In Berlin, he contributed to the formation of the Berlin Secession, and his first solo exhibition in Germany, which was deemed scandalous, was held in 1892: from that moment on, Munch was perceived as a subversive and accursed artist, alienated from society – an identity in part promoted by his literati friends. In the mid-1890s, he devoted his efforts to making prints and, thanks to his experimentation, became one of the most influential artists in this field.

His productivity and punishing exhibition schedule led him to commit himself voluntarily to clinics beginning in the late 1890s. Painful romantic relationships, a traumatic accident, and alcoholism – a life lived “on the edge of a precipice” – led him to a psychological breakdown that he sought to recover from in a private clinic between 1908 and 1909.

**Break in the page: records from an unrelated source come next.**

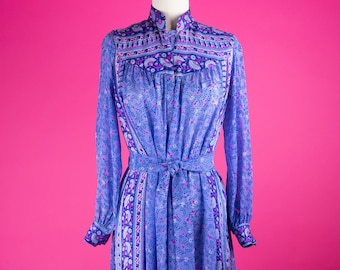 Incroyable RARE vintage des années 70 RAKSHA Hindimp London for Saks 5th Avenue robe caftan en soie bleu pervenche imprimé bloc indien avec ceinture à nouer
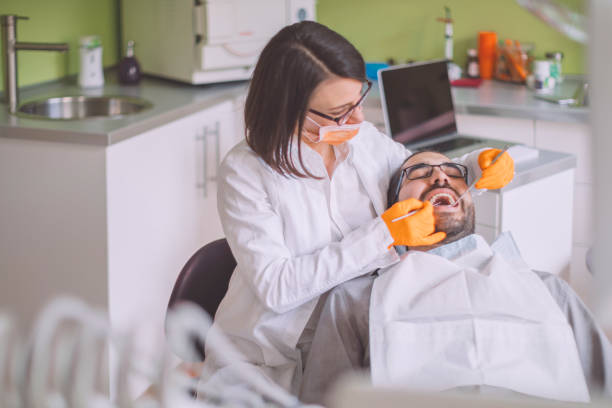 Best Broken or Chipped Tooth Repair in Van Vleck, TX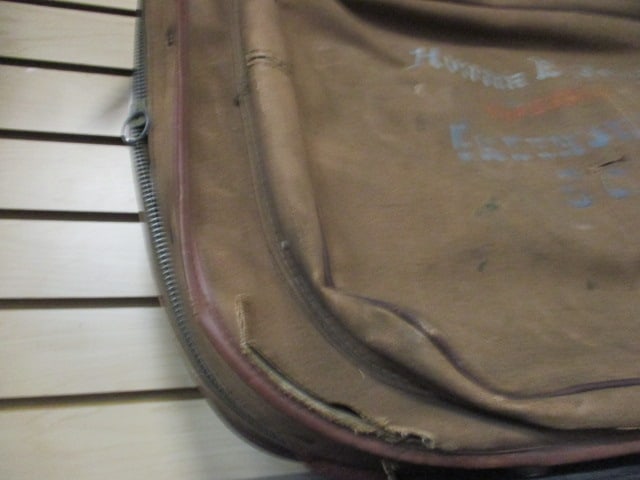 WWII Greenville, SC Native Soldier's Handpainted Pin-Up Girl Garment Bag Suitcase - 11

After having lived much of his life abroad, the 45-year-old artist returned to Norway, establishing himself by the sea and painting landscapes. Here, he began to work on the giant murals in the University Aula of the University of Oslo. These canvasses, the largest of Expressionism in Europe, reflect his lively interest in invisible forces and the nature of the universe. In 1914, he purchased a property in Ekely, Oslo, where, as a renowned international artist, he continued his experimental work until his death in 1944, just one month after his eightieth birthday.